Third, changes to the law made by the Duma and Federation Council removed the possibility for PMC members to talk to inmates without a member of prison staff present. This means it is now very difficult for inmates to lodge a complaint without fear of reprisal by prison guards afterwards. In the words of one St Petersburg PMC member, ‘Whichever inmate dares to tell of any crimes will pay for it later.’

Fourth, the fact that NGOs must cover the expenses of PMC members from their organisation means that those with few funds can take part. The most well-funded organisations tend to be Soviet-style organisations, such as veterans organisations and women’s groups from the Soviet era with close links to the government and will therefore be less likely to enact a critical public scrutiny of detention facilities.

Reactions by the Human Rights Community
When the law was passed, Borshchyov called it ‘very, very spoilt’. Then, in autumn 2010, after the second round of PMC members were selected, a group of activists from Memorial wrote a letter to the Public Chamber asking it to remember that ‘the spirit and sense of public scrutiny consist in defending the rights of people deprived of freedom, but not in guaranteeing membership in Public Commissions to the power structures that are supposed to be monitored.’
Last month, leader of NGO Gulagu.net and president of the ONK.RF council, Vladimir Osechkin, published an open later to the Public Chamber on his website signed by 143 colleagues, stating the following: ‘All of you, gentlemen, are adult and educated people. You have all read The Gulag Archipelago by Solzhenitsyn. And are you not ashamed that thanks to your inaction “former” law enforcement officers have joined and taken over power inside many PMCs in the regions, and there are constantly coming pseudo-reports and news of yet another murder, suicide, death of prisoners?’

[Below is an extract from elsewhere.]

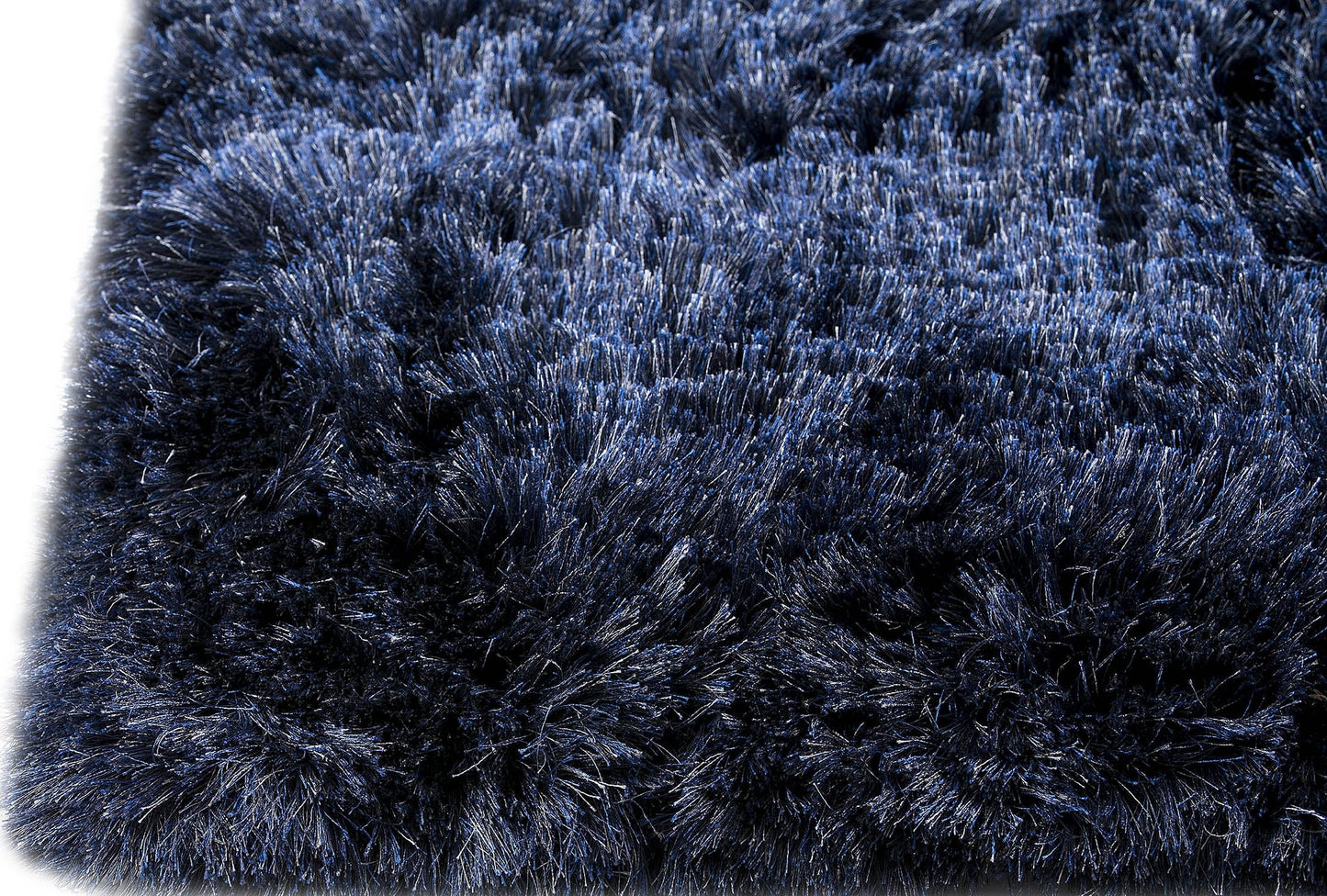 Luxury Soft and Silky Dubai Shaggy Navy Area Rug Carpet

In short, human rights activists feel that the potential for PMCs to perform independent monitoring of prisons and to hold detention centre authorities to account, has been undermined by the desire instead to create institutions that will endorse the status quo. PMCs, as they stand, permit a hybrid, state-controlled form of scrutiny, which is dependent on the energy and integrity of individual PMC members, rather than the institution itself.

Conclusion: A Bleak Prognosis for the Third Convocation
The forecast is not good for the next set of Public Monitoring Commissions. In Moscow and St Petersburg, Russia’s most liberal cities, only half of the current members belong to organisations broadly recognised as human rights groups. In the regions, where activists are fewer, the average salary is much lower and the distance between detention facilities can take days to traverse, most commissions are devoid of critical members. And in many places there are simply not enough people to do the job.

Furthermore, in recent months a witch-hunt for ‘political’ NGOs with funding from abroad has been instigated by the Kremlin, demanding they brand themselves as ‘foreign agents’. These organisations are generally the most out-spoken on rights issues and regional authorities have little choice but to distance themselves from co-operating with them. Who would want a ‘foreign agent’ in a government-sanctioned prison watchdog?

While it is a victory for the human rights movement that the possibility for the independent monitoring of prisons exists at all in Russia, their slow and painful evisceration is just another example of the increasingly strained relationship between the state and human rights activists in the country.